Los objetivos y el propio funcionamiento de la OMC suelen aparecer estrechamente ligados a otras siglas tan poco sospechosas de velar por los intereses generales -no hablemos ya de los de las personas más desfavorecidas- como las del Fondo Monetario Internacional (FMI) o las del Banco Mundial (BM). Por eso hay que tentarse la ropa antes de transcribir sus discursos oficiales. La cita de Ginebra tiene como objetivo declarado «la liberalización del comercio internacional»; esto podría interpretarse como un esfuerzo por rebajar los precios de los productos de mayor consumo en cualquier parte del mundo, reduciendo los aranceles con los que los estados, u organizaciones «regionales» como la UE, gravan las importaciones.
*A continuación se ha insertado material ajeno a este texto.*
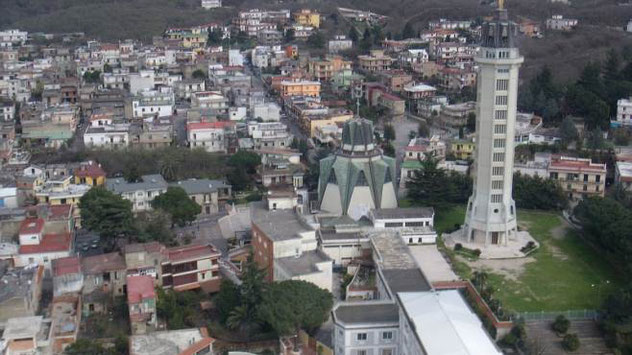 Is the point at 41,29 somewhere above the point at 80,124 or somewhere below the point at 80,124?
above

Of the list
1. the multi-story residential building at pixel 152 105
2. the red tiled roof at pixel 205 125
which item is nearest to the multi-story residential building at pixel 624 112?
the red tiled roof at pixel 205 125

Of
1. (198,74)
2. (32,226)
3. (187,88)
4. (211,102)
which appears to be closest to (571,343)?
(32,226)

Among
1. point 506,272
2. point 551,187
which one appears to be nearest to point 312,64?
point 551,187

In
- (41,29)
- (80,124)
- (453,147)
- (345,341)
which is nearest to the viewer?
(345,341)

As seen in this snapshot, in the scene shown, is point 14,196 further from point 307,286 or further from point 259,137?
point 307,286

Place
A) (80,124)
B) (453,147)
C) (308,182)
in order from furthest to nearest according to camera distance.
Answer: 1. (80,124)
2. (453,147)
3. (308,182)

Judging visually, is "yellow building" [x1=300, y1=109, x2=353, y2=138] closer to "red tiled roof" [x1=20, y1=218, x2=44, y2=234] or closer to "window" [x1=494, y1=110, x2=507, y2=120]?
"window" [x1=494, y1=110, x2=507, y2=120] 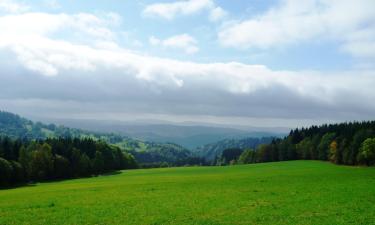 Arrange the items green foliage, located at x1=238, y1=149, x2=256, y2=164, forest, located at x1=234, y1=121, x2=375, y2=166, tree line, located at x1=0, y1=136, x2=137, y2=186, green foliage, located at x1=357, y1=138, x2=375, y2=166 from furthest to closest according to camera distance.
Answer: green foliage, located at x1=238, y1=149, x2=256, y2=164
forest, located at x1=234, y1=121, x2=375, y2=166
green foliage, located at x1=357, y1=138, x2=375, y2=166
tree line, located at x1=0, y1=136, x2=137, y2=186

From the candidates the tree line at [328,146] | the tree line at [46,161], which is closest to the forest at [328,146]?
the tree line at [328,146]

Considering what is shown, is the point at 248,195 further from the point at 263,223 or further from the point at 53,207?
the point at 53,207

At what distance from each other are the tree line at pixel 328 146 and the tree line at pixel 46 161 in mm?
67787

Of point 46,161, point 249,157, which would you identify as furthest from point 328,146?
point 46,161

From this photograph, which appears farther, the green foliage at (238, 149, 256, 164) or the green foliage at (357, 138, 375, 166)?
the green foliage at (238, 149, 256, 164)

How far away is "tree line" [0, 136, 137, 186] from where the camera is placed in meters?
94.9

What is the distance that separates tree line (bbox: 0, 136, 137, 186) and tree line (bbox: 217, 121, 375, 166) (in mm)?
67787

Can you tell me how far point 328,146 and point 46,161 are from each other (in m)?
87.2

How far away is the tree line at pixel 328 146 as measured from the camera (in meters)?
106

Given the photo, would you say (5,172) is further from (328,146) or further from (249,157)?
(249,157)

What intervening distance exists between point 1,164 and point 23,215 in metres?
65.6

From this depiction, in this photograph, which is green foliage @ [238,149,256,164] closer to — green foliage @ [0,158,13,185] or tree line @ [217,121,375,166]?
tree line @ [217,121,375,166]

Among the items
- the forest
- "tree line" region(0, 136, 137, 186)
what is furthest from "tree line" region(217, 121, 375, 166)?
"tree line" region(0, 136, 137, 186)

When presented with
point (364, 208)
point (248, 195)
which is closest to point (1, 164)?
point (248, 195) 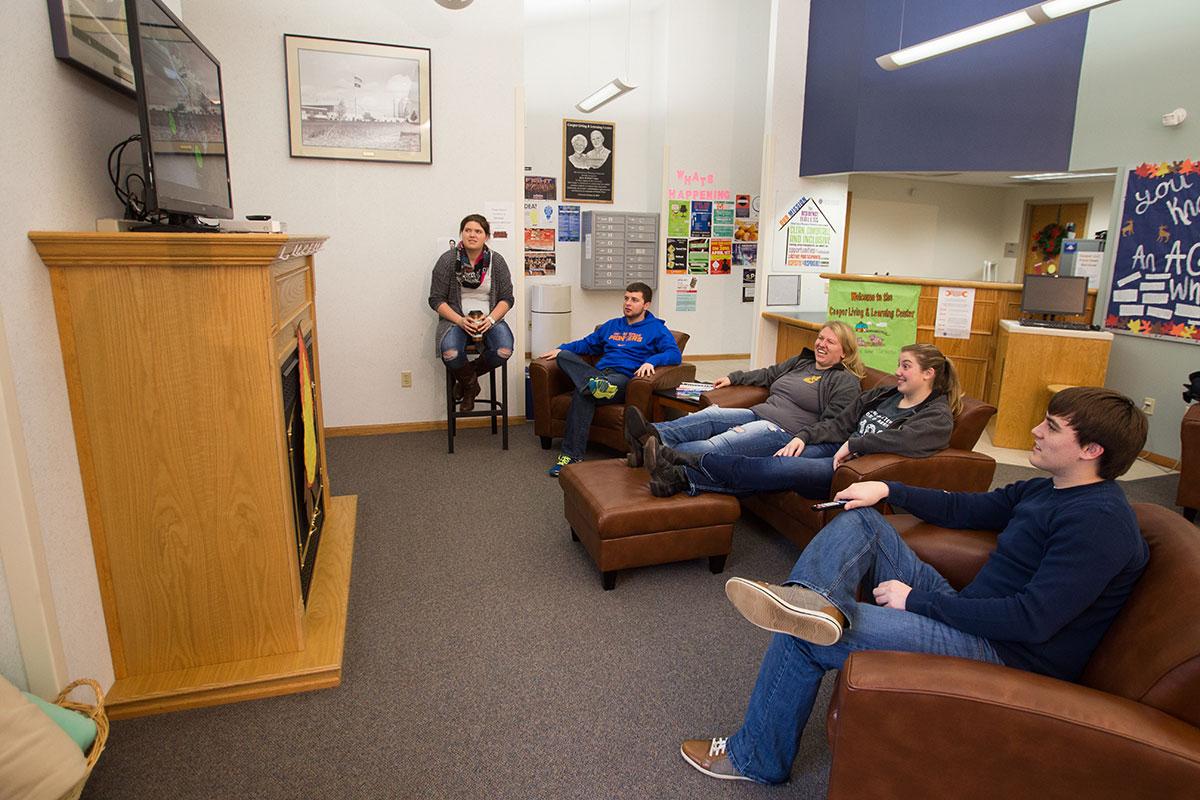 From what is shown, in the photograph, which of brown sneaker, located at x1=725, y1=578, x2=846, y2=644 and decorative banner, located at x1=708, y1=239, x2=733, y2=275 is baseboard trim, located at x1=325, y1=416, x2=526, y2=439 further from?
brown sneaker, located at x1=725, y1=578, x2=846, y2=644

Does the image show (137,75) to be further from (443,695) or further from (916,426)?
(916,426)

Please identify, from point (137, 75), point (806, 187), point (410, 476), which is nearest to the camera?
point (137, 75)

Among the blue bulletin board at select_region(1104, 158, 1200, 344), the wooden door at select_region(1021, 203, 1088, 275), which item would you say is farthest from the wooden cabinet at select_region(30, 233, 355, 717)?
the wooden door at select_region(1021, 203, 1088, 275)

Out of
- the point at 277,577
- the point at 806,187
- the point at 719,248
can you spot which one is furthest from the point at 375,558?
the point at 719,248

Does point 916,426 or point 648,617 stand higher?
point 916,426

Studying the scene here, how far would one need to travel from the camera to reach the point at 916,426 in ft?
9.27

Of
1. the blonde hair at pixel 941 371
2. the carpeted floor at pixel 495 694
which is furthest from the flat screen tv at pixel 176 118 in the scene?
the blonde hair at pixel 941 371

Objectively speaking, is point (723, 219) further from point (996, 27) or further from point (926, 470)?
point (926, 470)

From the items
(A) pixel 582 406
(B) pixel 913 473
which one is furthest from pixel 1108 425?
(A) pixel 582 406

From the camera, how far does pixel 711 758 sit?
1930 millimetres

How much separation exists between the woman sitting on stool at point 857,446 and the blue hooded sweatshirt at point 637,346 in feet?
4.75

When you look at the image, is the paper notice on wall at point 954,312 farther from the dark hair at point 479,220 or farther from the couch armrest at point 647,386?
the dark hair at point 479,220

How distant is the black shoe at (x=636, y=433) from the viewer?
10.7 feet

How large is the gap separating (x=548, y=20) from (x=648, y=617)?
6.50m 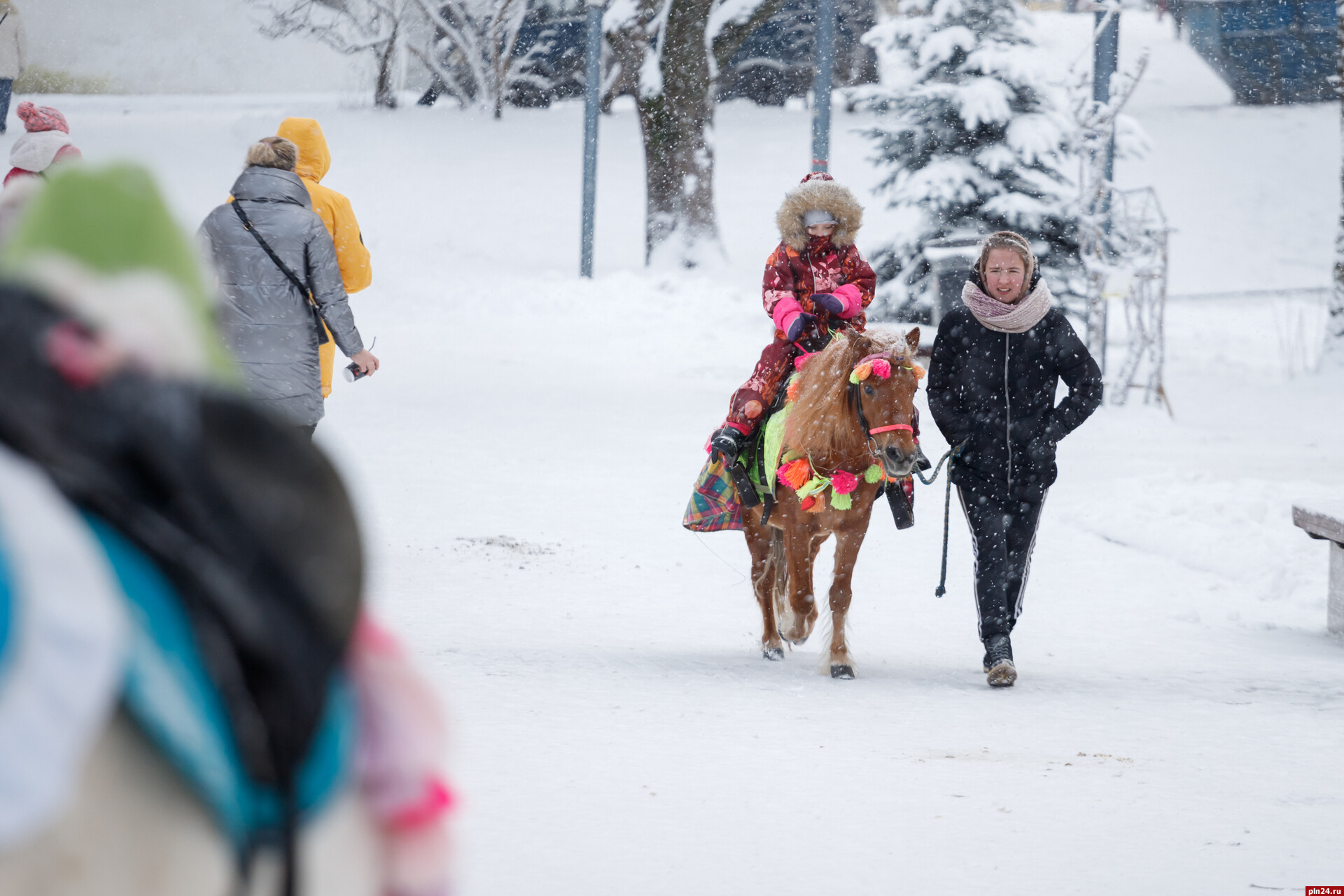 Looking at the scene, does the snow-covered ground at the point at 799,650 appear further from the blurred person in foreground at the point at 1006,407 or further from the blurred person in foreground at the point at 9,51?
the blurred person in foreground at the point at 9,51

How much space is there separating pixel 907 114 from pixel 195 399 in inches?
679

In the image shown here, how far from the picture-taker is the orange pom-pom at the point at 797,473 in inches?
231

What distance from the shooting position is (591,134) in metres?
20.2

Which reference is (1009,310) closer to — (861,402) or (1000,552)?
(861,402)

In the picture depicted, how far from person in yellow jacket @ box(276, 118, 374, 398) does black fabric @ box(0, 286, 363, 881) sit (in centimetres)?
542

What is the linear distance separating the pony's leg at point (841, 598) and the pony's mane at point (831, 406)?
1.39 feet

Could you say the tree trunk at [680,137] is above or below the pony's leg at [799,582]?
above

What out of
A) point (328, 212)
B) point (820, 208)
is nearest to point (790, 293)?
point (820, 208)

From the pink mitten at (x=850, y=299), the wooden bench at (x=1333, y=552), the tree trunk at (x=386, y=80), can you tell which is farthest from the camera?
the tree trunk at (x=386, y=80)

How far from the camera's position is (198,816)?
44.6 inches

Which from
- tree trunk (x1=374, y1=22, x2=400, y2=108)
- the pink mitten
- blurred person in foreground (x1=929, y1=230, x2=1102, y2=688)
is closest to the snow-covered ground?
blurred person in foreground (x1=929, y1=230, x2=1102, y2=688)

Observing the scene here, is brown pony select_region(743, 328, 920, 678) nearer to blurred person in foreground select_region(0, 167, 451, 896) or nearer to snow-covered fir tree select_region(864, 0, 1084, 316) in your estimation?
blurred person in foreground select_region(0, 167, 451, 896)

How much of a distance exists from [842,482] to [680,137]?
16.8m

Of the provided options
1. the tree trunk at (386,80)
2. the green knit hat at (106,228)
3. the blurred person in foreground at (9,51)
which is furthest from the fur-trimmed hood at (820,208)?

Pero la realidad está muy lejos de un principio tan filantrópico. Lo que pretenden imponer los estados industrializados (esos que se conocen genéricamente como Occidente) a los países emergentes (entre los cuales sobresalen China, India y Brasil) es un acuerdo para seguir obteniendo los mismos beneficios en la balanza comercial global. Por ejemplo, los gobiernos occidentales dicen estar dispuestos a sacrificar una parte de su producción agrícola a cambio de que los países emergentes sacrifiquen su potencial producción de bienes industriales.
No obstante, aún no han conseguido convencer a los «emergentes» de que ésa sea la solución más conveniente para todos. Y con más recelos les escuchan los que permanecen «sumergidos», los países africanos.